Is one integrating $\star v^\flat$ over $S^2$?

@0celo7 Yes

@ACuriousMind Ok, how does integration over a submanifold actually work? Doesn't one technically have to pull back the form along the inclusion?

@0celo7 What do you think you're doing when you express $v$ as a function of $\phi,\theta$?

Beats me!

@ACuriousMind That seems like a pullback along a chart to me.

Or maybe pullback along the inclusion and then along a chart.

@ACuriousMind Am I going insane?

@0celo7 The pullback is actually a bit hidden here. You have that ${\star}v\wedge n = \langle v,n\rangle\omega$ for $n$ the 1-form belonging to the normal vector.and $\omega$ the volume form. So what you pull back is actually the volume form (and it becomes the induced volume form on $S^2$), the $\langle v,n\rangle$ just gets expressed as functions of $\theta,\phi$.

@0celo7 Possibly, why?

I would ask for proof of that equation but I strangely know it.

@0celo7 It's the defining property of the Hodge dual :P

@ACuriousMind Straumann makes his readers prove it using the definition of the dual in a basis.

Ew ;)

I know. It's pretty terrible.

@ACuriousMind What is the induced volume form on $S^2$?

$\partial_\theta\wedge\partial_\phi$?

@0celo7 Precisely the pullback of $\omega$ along the inclusion.
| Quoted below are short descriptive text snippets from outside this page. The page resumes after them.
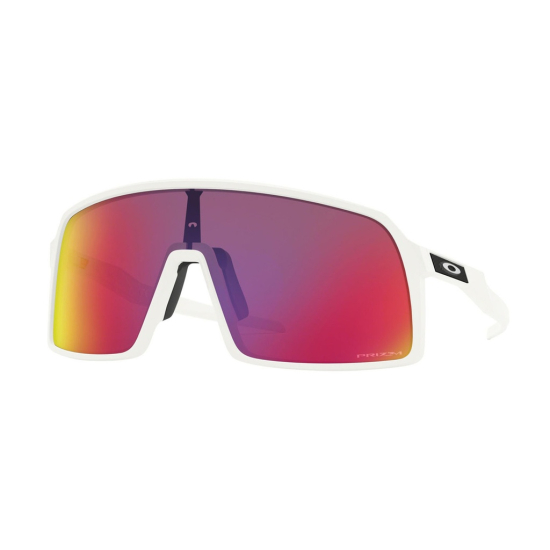 OAKLEY Sutro napszemüveg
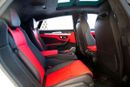 لامبورغيني اوروس STD 4.0T V8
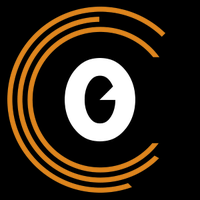 Observatoire des multinationales (@obs_multinat) 's Twitter Profile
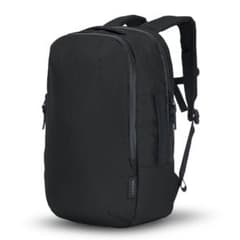 美品 WEXLEY ウェクスレイ ACTIVE PACK X-PAC リュックのサムネイル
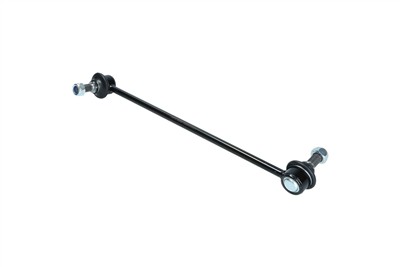 KAMOKA 9030367 EAN: 5902473037864.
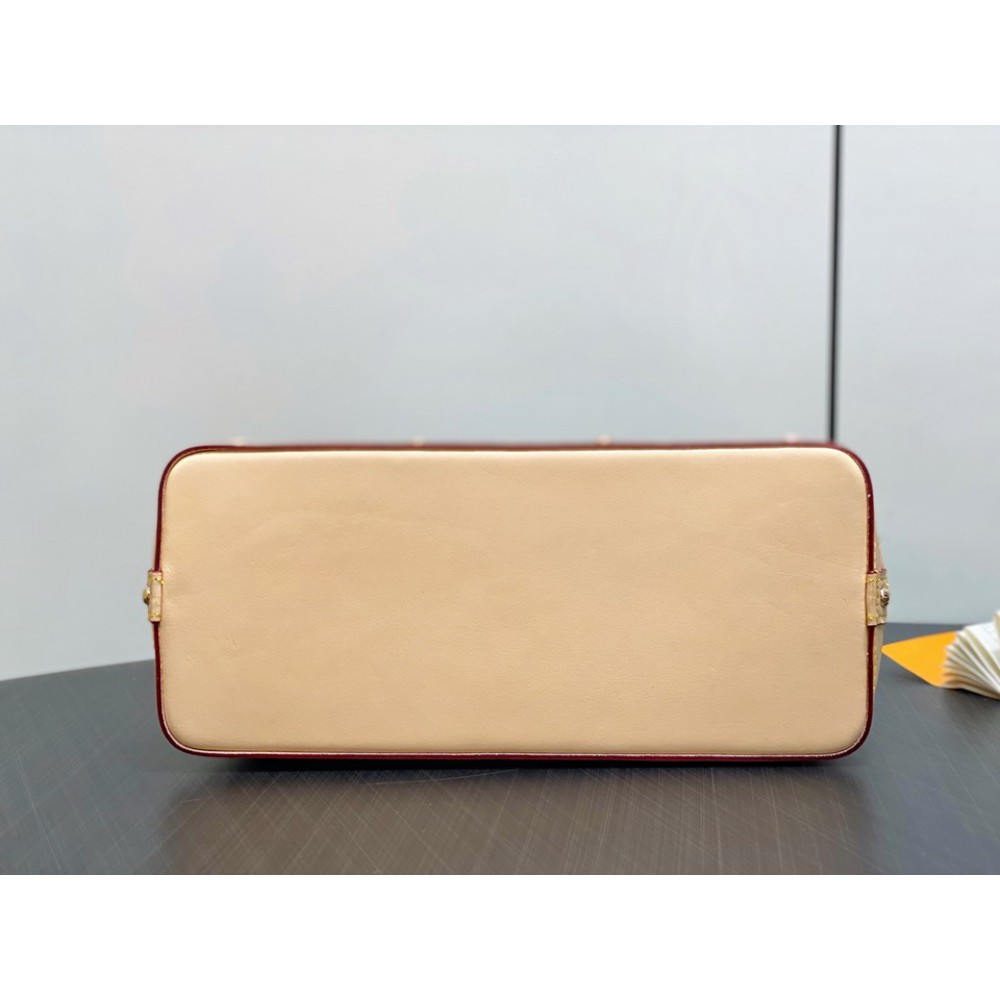 Lv Cosmétique M13750 27x18x9cm  Bags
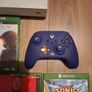 Xbox one Image 3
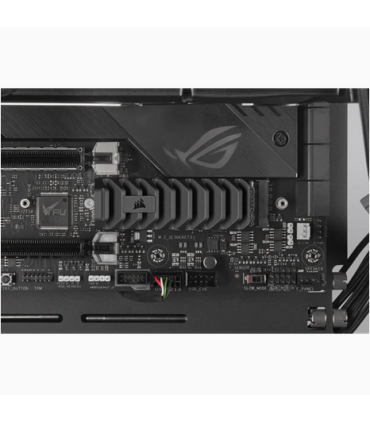 Corsair MP600 PRO XT M.2 1000 GB PCI Express 4.0 3D TLC NAND NVMe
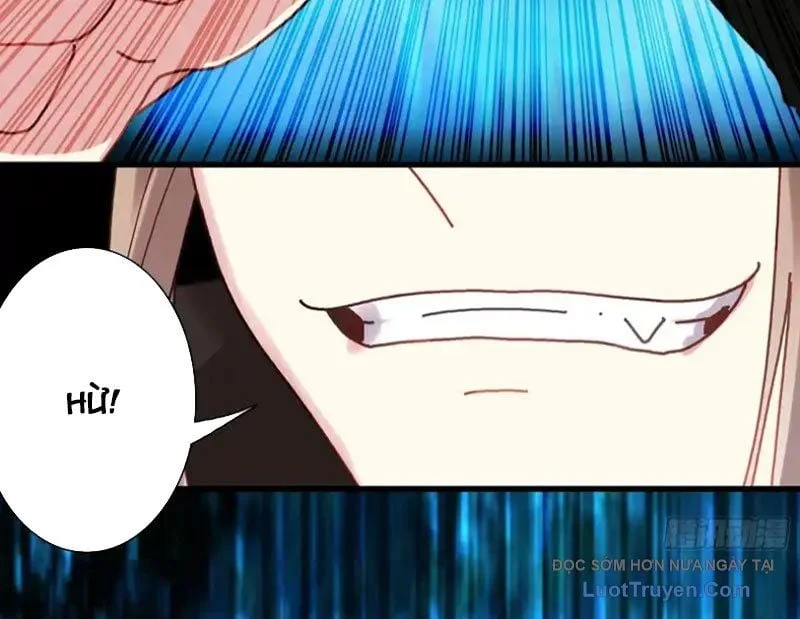 Sinh Tiêu Thủ Hộ Thần Chapter 126 53
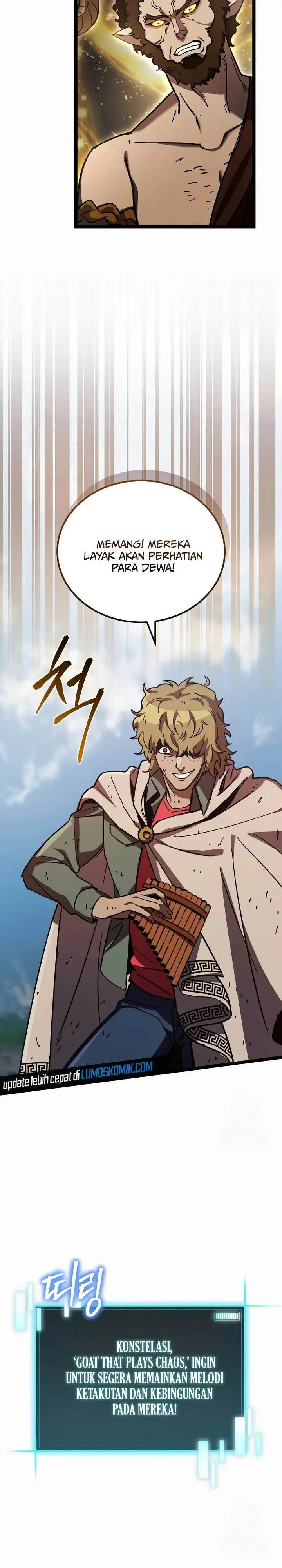 image-komik-i-robbed-the-storehouse-of-the-god-chapter-25-25/37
Computing it for the sphere is a completely standard exercise

@ACuriousMind But that would involve me calculating a pullback, i.e. partial derivatives.

(In plainer words: I am sure you have seen the area element of a sphere before :P)

I know I have.

I'm reviewing my 2/3d calculus for my PDE class

Somehow I don't think my prof who is a physicist if you close one eye will be too impressed if I write $\star v\wedge n=\langle v,n\rangle\omega$ on a quiz/exam ;)

I concur.

@ACuriousMind Ok, how would I integrate, say, a $3$-form in $5$-space?
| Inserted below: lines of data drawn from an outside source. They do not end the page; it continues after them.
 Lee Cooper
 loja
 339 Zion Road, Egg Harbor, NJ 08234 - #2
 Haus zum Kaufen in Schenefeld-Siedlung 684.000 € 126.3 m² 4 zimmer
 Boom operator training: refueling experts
With considerable effort, judging from your attempt in 3-space ;P

:(

@0celo7 There you have no tricks, just take the 3-form and pull it back along the immersion of the 3-submanifold you're integrating it over.
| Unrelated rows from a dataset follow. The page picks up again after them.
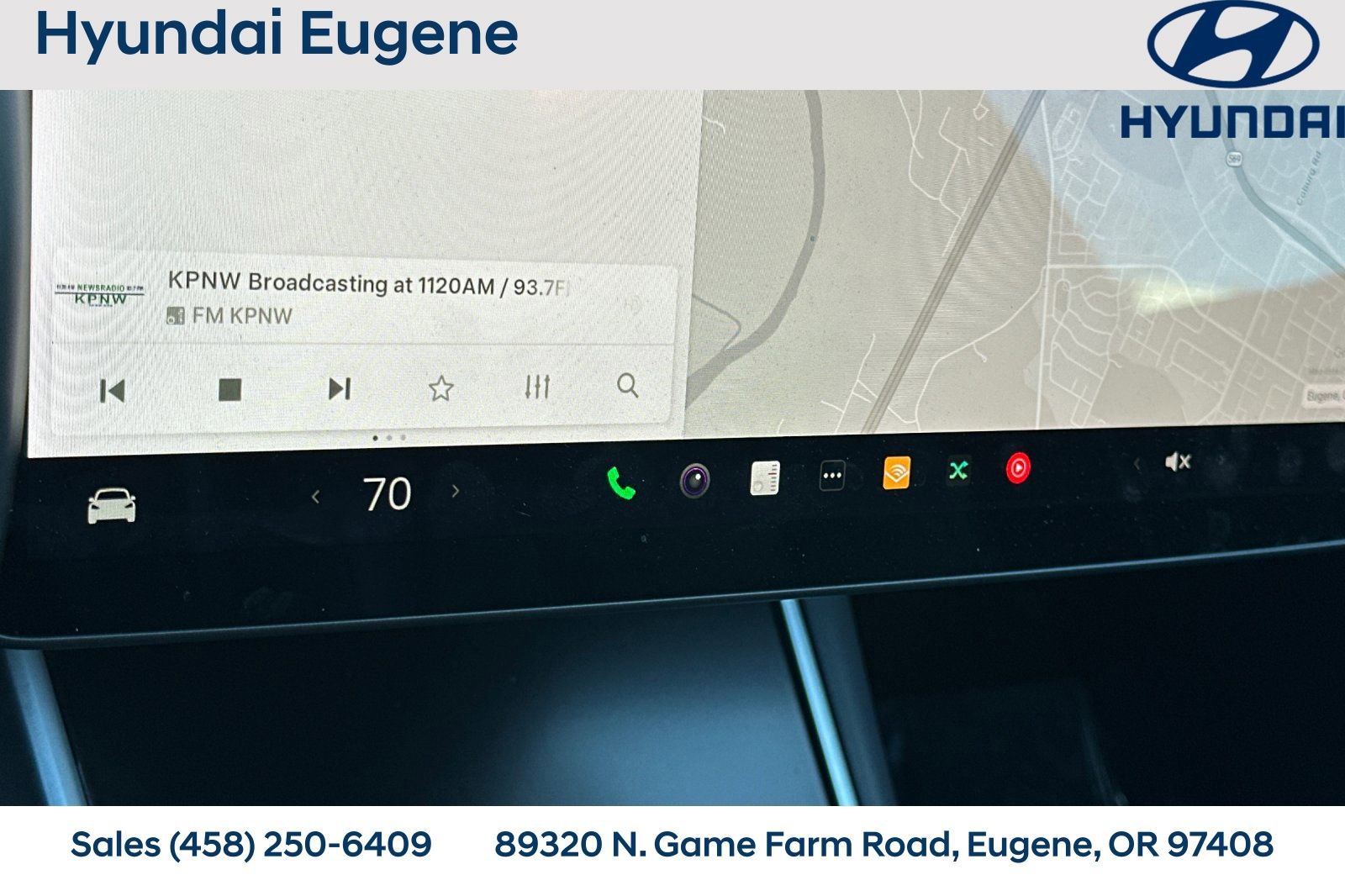 Used 2018 Tesla Model 3 Long Range image 26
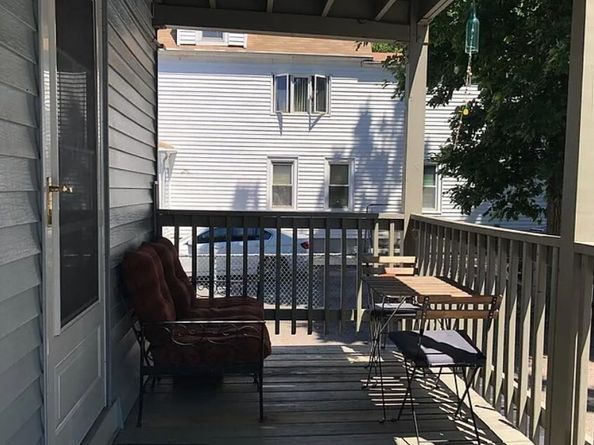 124 Selden St, Boston MA 02124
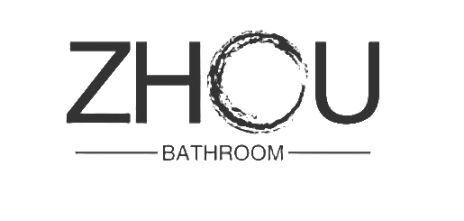 zhoubathroom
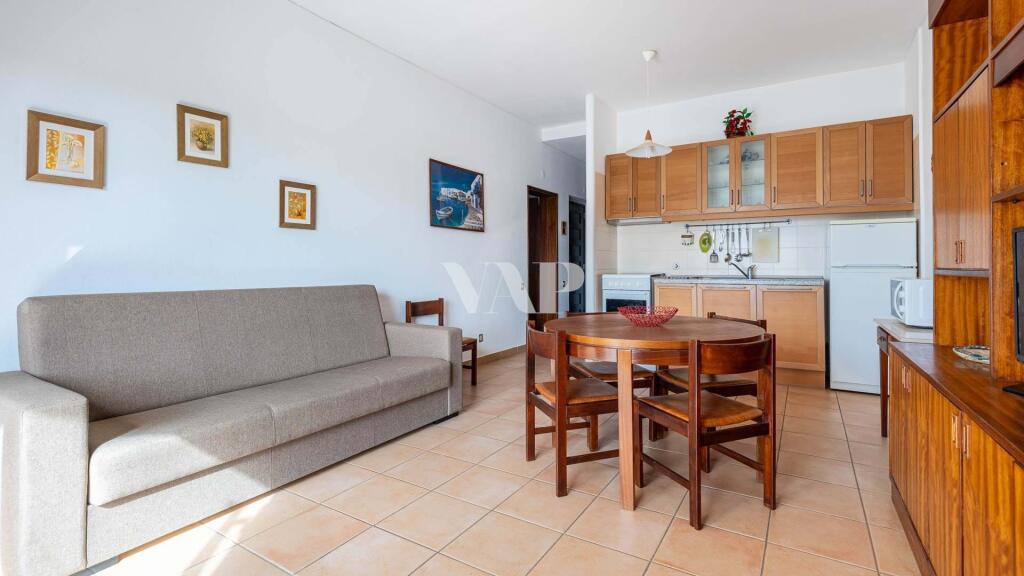 2 bed Apartment for sale in Algarve, Vilamoura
Ok, so that's what I thought!

So the stars and shit in the $\mathbb{R}^3$ case is just a trick?

Yes, if you believe that integrating forms is the "fundamental" operation, then all of those low-dimensional vector integrations are just tricks.

@ACuriousMind Great, it's clear now.

The vectors are much nicer for the geometric intuition, though - I have still not trained myself to visualize a form without much effort.

I don't know what the fuck a form is, tbh.

It's the section of some damn bundle or whatever

@ACuriousMind what is a form

There are "nice" pictures like a 1-form in 3 space being a bunch of planes, and integrating it along a line is counting how many planes the line intersects. A 2-form in three-space is a bunch of lines, and integrating it over a surface is counting how many lines the surface intersects

I never understood that though

Counting is 1, 2, 3

the integral need not be an integer

@0celo7 And a vector field is not a finite set of vectors stapled to points on a grid, yet we draw it as one

It's a picture, it's not meant to tell you how to actually compute the numerical value

Note that there is an arbitrary normalization in this picture of forms - which density of points, for instance, corresponds to the canonical volume three-form?

@ACuriousMind it's not?

@ACuriousMind What's the motivation behind having a textbook cost $300

It's not even a calculus book that 5,000 people per school buy every year

@0celo7 How am I supposed to know?

Probably greed :P

At $300 all people do is pirate it

Having the book be \$100 is greed, \$300 is just stupidity

@ACuriousMind Do I need chapter 10 in Bredon?

@0celo7 My version of Bredon only has 7 chapters.